FIG. 8D illustrates the digital content distribution system 104 and/or the persona classification system 106 providing the user interface 810 for selecting one or more aspects of a configuration of the overlap-agnostic machine learning model in the persona classification system 106. In particular, the user interface 810 can receive one or more user inputs (e.g., from an administrator) to select a baseline trait or a persona class. For example, the user interface 810 can receive a user input to browse, upload, or create a new persona class for assessment in the overlap-agnostic machine learning model (e.g., classifying target users as corresponding to the persona class).

FIG. 8E illustrates the digital content distribution system 104 and/or the persona classification system 106 providing the user interface 812 for selecting a baseline trait (e.g., persona class). In particular, the user interface 812 can receive one or more user inputs (e.g., from an administrator) to select a persona class associated with trait identifiers such as a trait ID, name, type, data source, etc. For example, the user interface 812 can receive user inputs to filter, sort, search, and compare persona classes among other suitable functions.

FIG. 8F illustrates the digital content distribution system 104 and/or the persona classification system 106 providing the user interface 814 for confirming one or more aspects of the overlap-agnostic machine learning model (e.g., as provided in the foregoing user interfaces 804-812). In particular, the user interface 814 can receive one or more user inputs (e.g., from an administrator) to edit, preview, cancel, deploy, beta test, or perform some other suitable action relating to the overlap-agnostic machine learning model. Additionally or alternatively, the user interface 814 can be a summary page saved for later, printed, shared, etc.

Turning now to FIG. 9, additional detail is provided regarding a computing system 900, including components and capabilities of the persona classification system 106 in accordance with one or more embodiments. As shown, the persona classification system 106 is implemented by a computing device 902, including the digital content distribution system 104 of the computing device 902. In some embodiments, the components of the persona classification system 106 can be implemented by a single device (e.g., the server(s) 102, the administrator device 108, the DSP server 118, and/or the client devices 112a-112n of FIG. 1) or multiple devices. As shown, the persona classification system 106 includes a trait detection engine 903, an overlap-agnostic machine learning model training engine 904, an overlap-agnostic machine learning model application engine 905, a user interface manager 906, a digital content distribution manager 907, and a data storage manager 908. Each is discussed in turn below.

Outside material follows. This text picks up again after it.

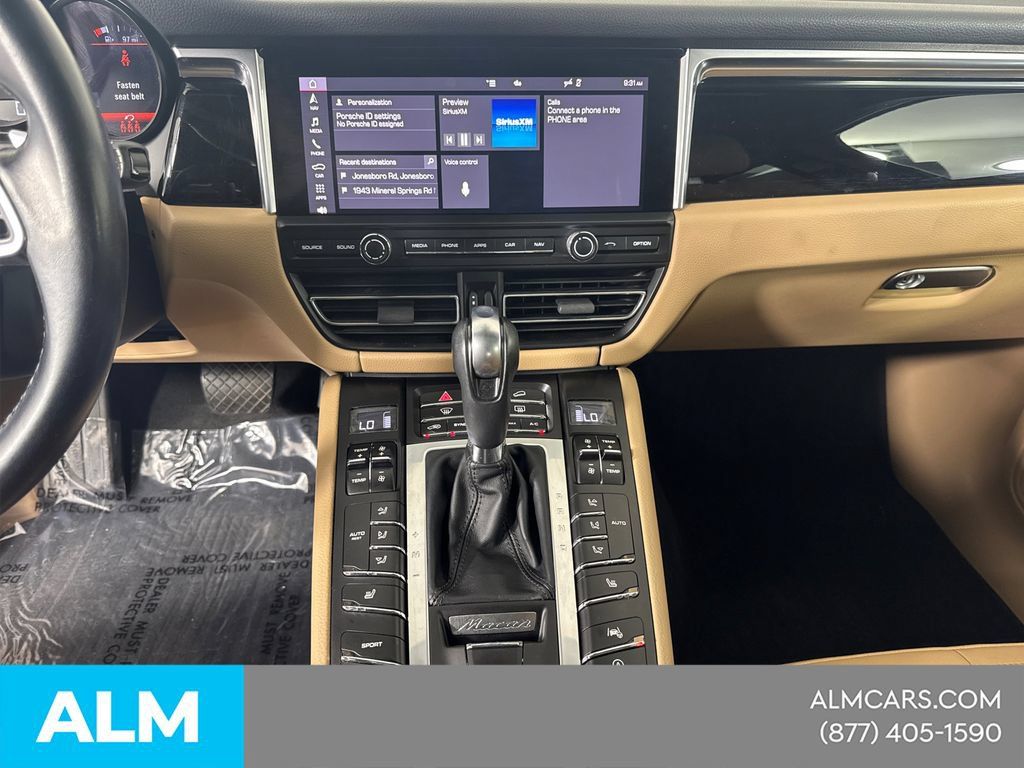 Used 2021 Porsche Macan AWD/4WD image 31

As just mentioned, the persona classification system 106 can include the trait detection engine 903. For instance, the trait detection engine 903 can identify, receive, detect, and/or determine traits corresponding to a target user (e.g., a client device corresponding to a target user or a known ID of a target user such as email address such that the traits can be recognized across different devices to which the target user is logged in). For example, as discussed above, the trait detection engine 903 can identify traits from a database corresponding to a target user or from tracking cookies. Additionally or alternatively, the trait detection engine 903 can identify traits as graphed, charted, mapped, etc. based on data from linked devices, known IDs, and/or other suitable sources.

As shown in FIG. 9, the persona classification system 106 also includes the overlap-agnostic machine learning model training engine 904 (which trains the overlap-agnostic embedding model 204, the user-embedding generation model 208, and the persona prediction model 212). Although FIG. 9 illustrates the overlap-agnostic embedding model 204, the user-embedding generation model 208, and the persona prediction model 212 as part of the overlap-agnostic machine learning model training engine 904, the persona classification system 106 can store these trained models as part of the data storage manager 908 (as discussed below). The overlap-agnostic machine learning model training engine 904 trains, learns, teaches, and/or generates each of the overlap-agnostic embedding model 204, the user-embedding generation model 208, and/or the persona prediction model 212. For example, the overlap-agnostic machine learning model training engine 904 can identify, determine, receive, request, and/or learn user traits for training the overlap-agnostic embedding model 204 how to determine trait embeddings that correspond to the user traits. Additionally, the overlap-agnostic machine learning model training engine 904 can identify, determine, send, receive, generate, and/or learn the trait-persona weights 420 for training the user-embedding generation model 208 how to map trait embeddings to a persona embedding. Further, the overlap-agnostic machine learning model training engine 904 can identify, determine, send, receive, generate, and/or learn the parameters 522 for training the persona prediction model 212 how to map user embeddings to a persona embedding for predicting a persona class.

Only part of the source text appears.